Exercise inputs:
- Opening Delimiter -

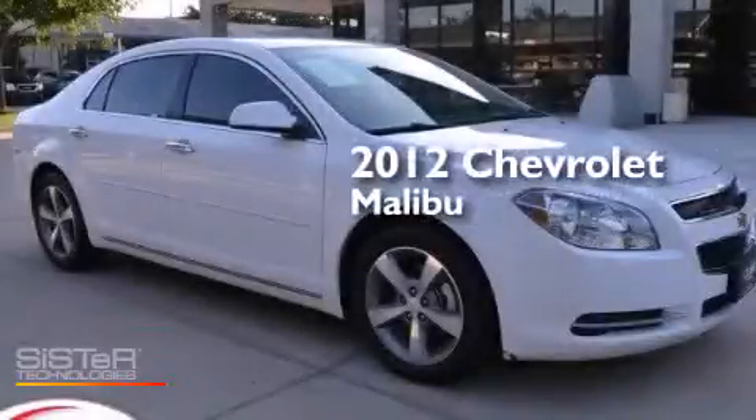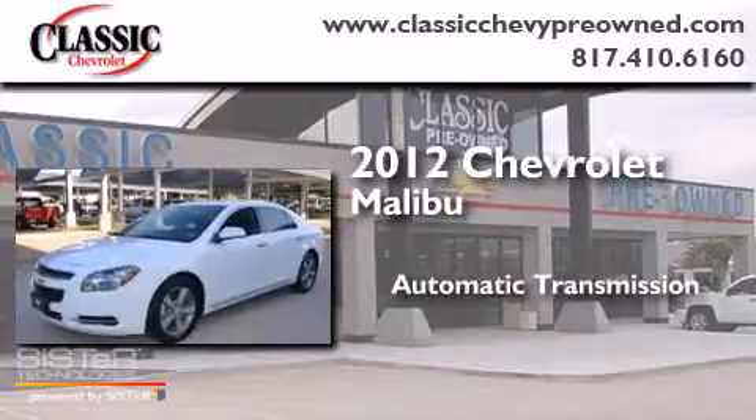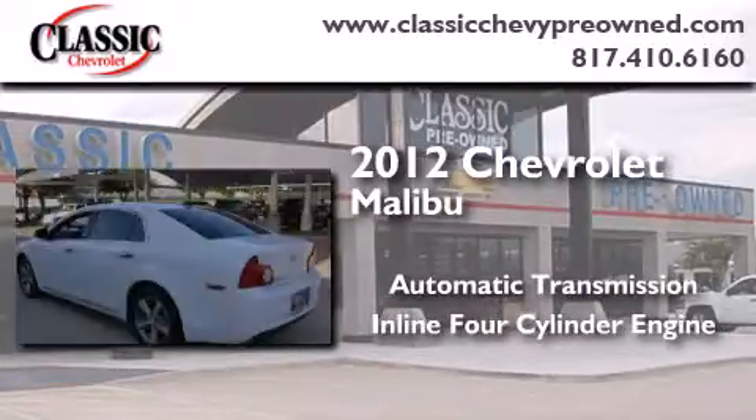This is a 2012 Chevrolet Malibu. This car has an automatic transmission and an inline four-cylinder engine.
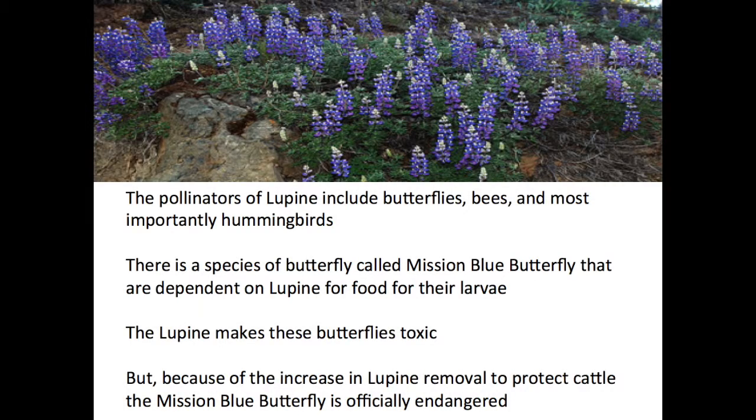The pollinators of lupine include butterflies, bees, and most importantly, hummingbirds. There is a species of butterfly called the mission blue butterfly that are dependent on lupine for food for their larvae. This lupine makes these butterflies toxic. But because of the increase in lupine removal to protect cattle and the birth defects that come with eating lupine, the mission blue butterfly is officially endangered.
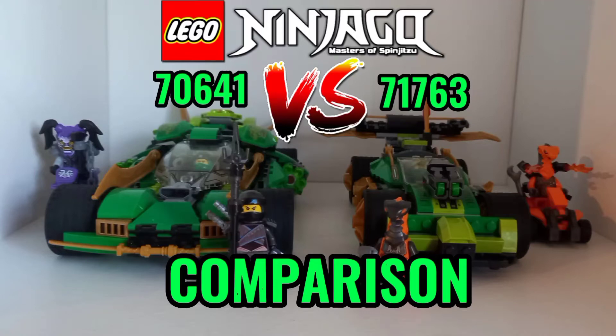Hey guys, Kyle here and today I'll be comparing Lloyd's Ninja Knightcrawler from 2018 and Lloyd's race car Evo from earlier this year. If you want to skip to a specific part of the video, I'll leave timestamps in the description below.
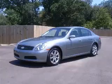We are proud to present this excellent 2005 Infiniti G35. This G35 has a six-cylinder engine and an automatic transmission.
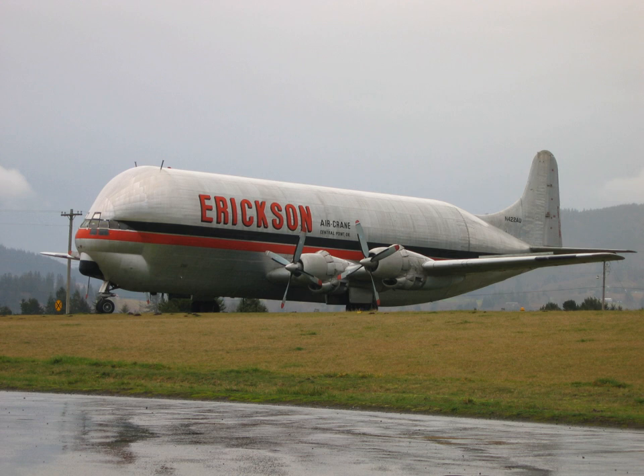See also: Pregnant Guppy, the original Guppy; Super Guppy, larger successor to the Pregnant Guppy; Conroy SkyMonster.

- Closing Delimiter -

What the task asks: Copy out every entry exactly as written, but not the pictures.

Answer to this exercise:
This is a 2012 Chevrolet Malibu. This car has an automatic transmission and an inline four-cylinder engine.
The pollinators of lupine include butterflies, bees, and most importantly, hummingbirds. There is a species of butterfly called the mission blue butterfly that are dependent on lupine for food for their larvae. This lupine makes these butterflies toxic. But because of the increase in lupine removal to protect cattle and the birth defects that come with eating lupine, the mission blue butterfly is officially endangered.
Hey guys, Kyle here and today I'll be comparing Lloyd's Ninja Knightcrawler from 2018 and Lloyd's race car Evo from earlier this year. If you want to skip to a specific part of the video, I'll leave timestamps in the description below.
We are proud to present this excellent 2005 Infiniti G35. This G35 has a six-cylinder engine and an automatic transmission.
See also: Pregnant Guppy, the original Guppy; Super Guppy, larger successor to the Pregnant Guppy; Conroy SkyMonster.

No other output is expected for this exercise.